◆ Required work ◆
Reproduce the records below exactly as they appear, omitting any pictures they contain.

◆ Dataset records ◆
Content starts

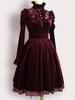 Burgunder Lolita Kleid Rüschen samt Kleid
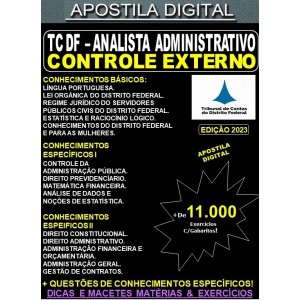 Apostila TC DF - ANALISTA de CONTROLE EXTERNO - Teoria + 11.000 exercícios - Concurso 2023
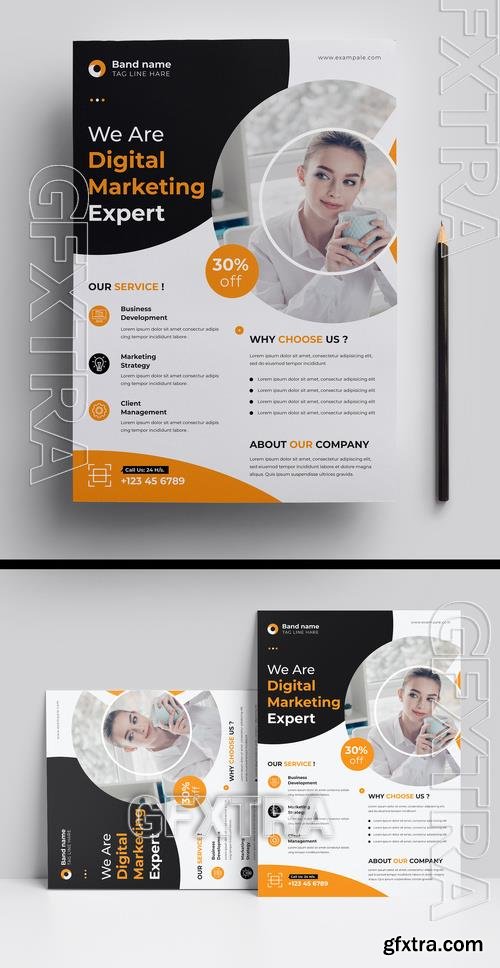 Business Flyer Layout with Colorful Accents 525397807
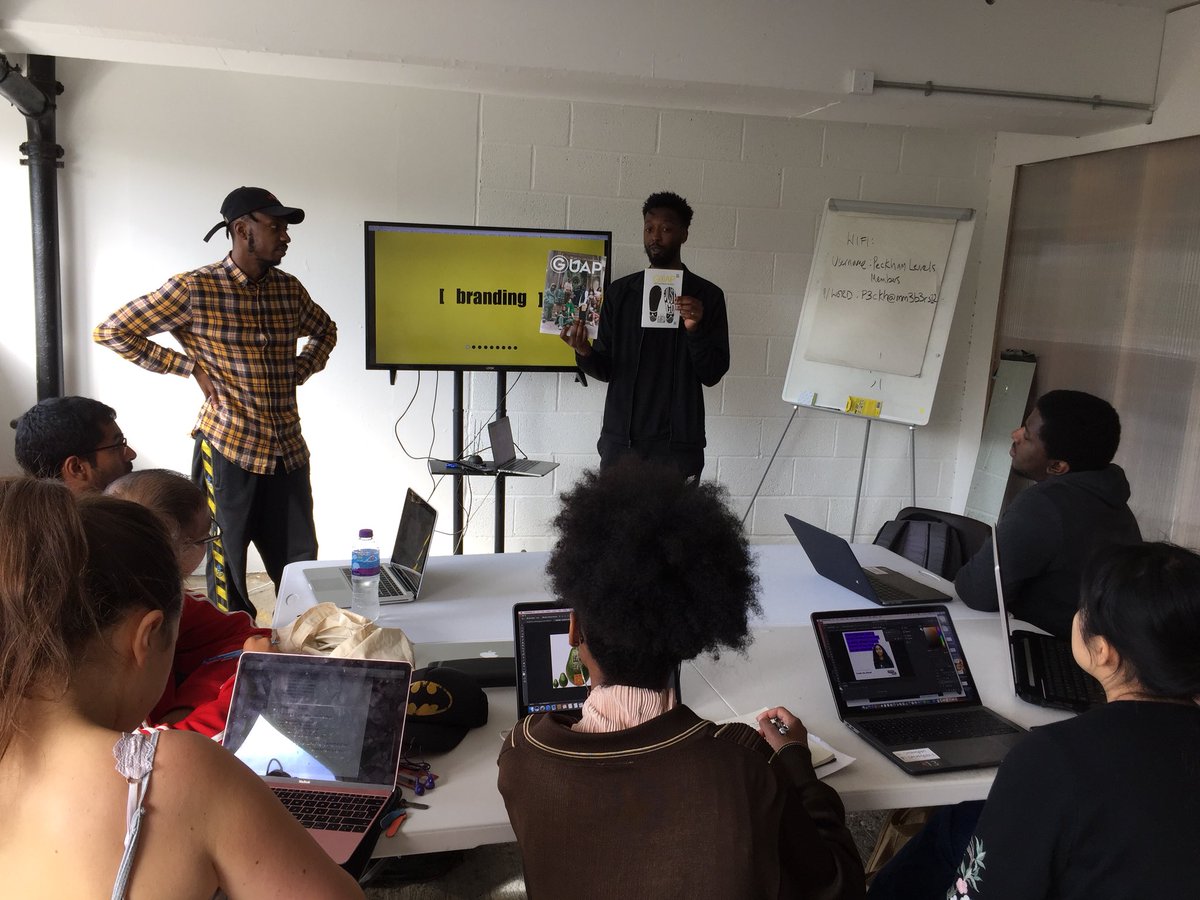 Create_Jobs's tweet image. We’re back @peckhamlevels for Day 2 of workshops where we get education on building a brand and brand identity by @GUAPMAG founder @IbrahimKamara_  and how it’s been pinnacle for his business.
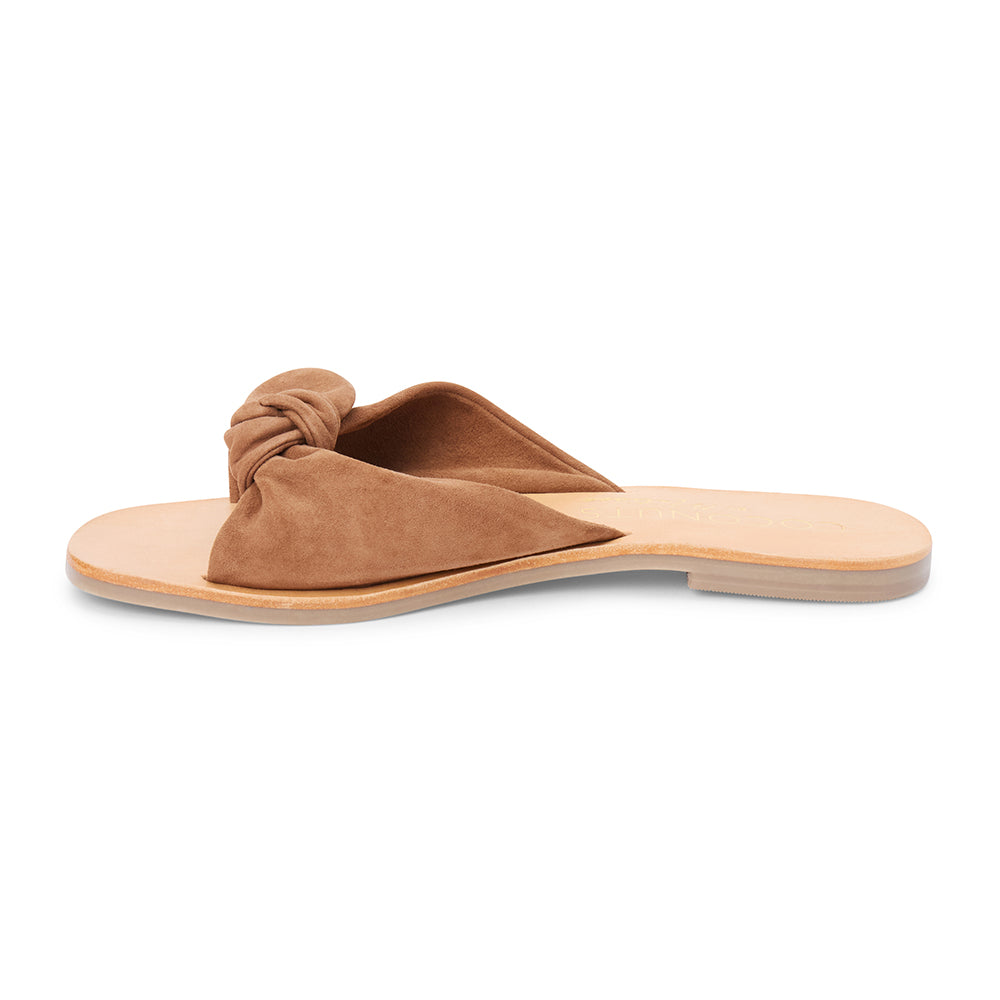 Brown suede slide sandal with knotted strap and open toe shown on a white background.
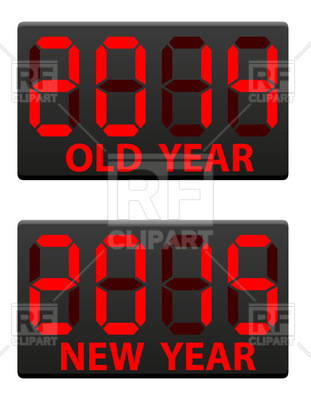 Electronic Scoreboards With Old  2014  And The New  2015  Year Vector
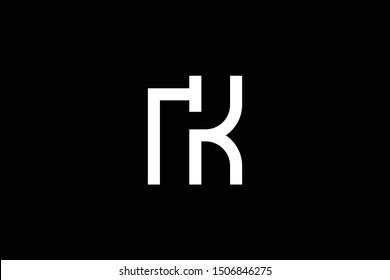 Outstanding professional elegant trendy awesome artistic black and white color RK KR initial based Alphabet icon logo.
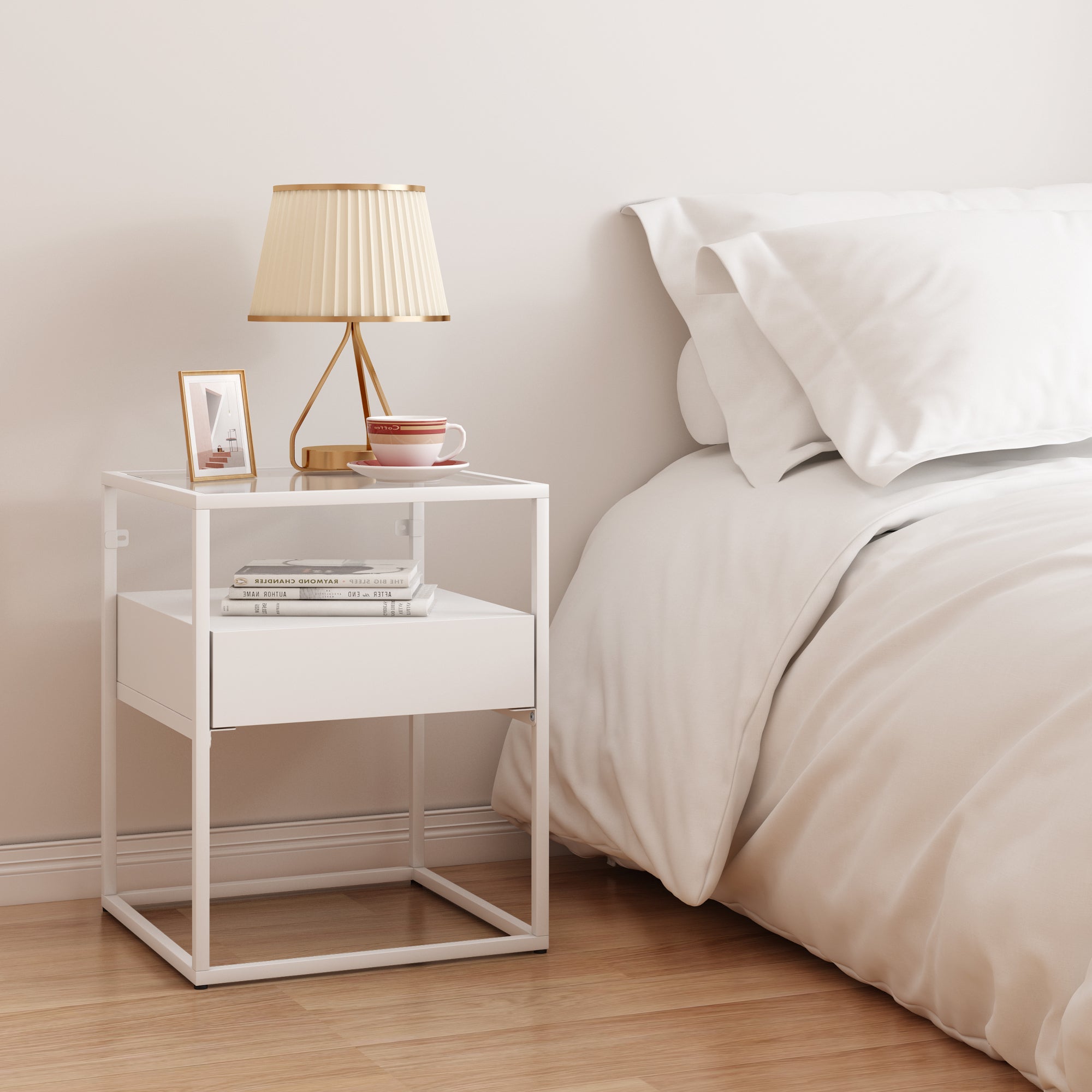 Comodino Vissenbjerg in Acciaio con Cassetto e Piano Tavolo in Vetro - Bianco Opaco [en.casa]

Content ends

◆ Problem solution ◆
 Burgunder Lolita Kleid Rüschen samt Kleid
 Apostila TC DF - ANALISTA de CONTROLE EXTERNO - Teoria + 11.000 exercícios - Concurso 2023
 Business Flyer Layout with Colorful Accents 525397807
 Create_Jobs's tweet image. We’re back @peckhamlevels for Day 2 of workshops where we get education on building a brand and brand identity by @GUAPMAG founder @IbrahimKamara_  and how it’s been pinnacle for his business.
 Brown suede slide sandal with knotted strap and open toe shown on a white background.
 Electronic Scoreboards With Old  2014  And The New  2015  Year Vector
 Outstanding professional elegant trendy awesome artistic black and white color RK KR initial based Alphabet icon logo.
 Comodino Vissenbjerg in Acciaio con Cassetto e Piano Tavolo in Vetro - Bianco Opaco [en.casa]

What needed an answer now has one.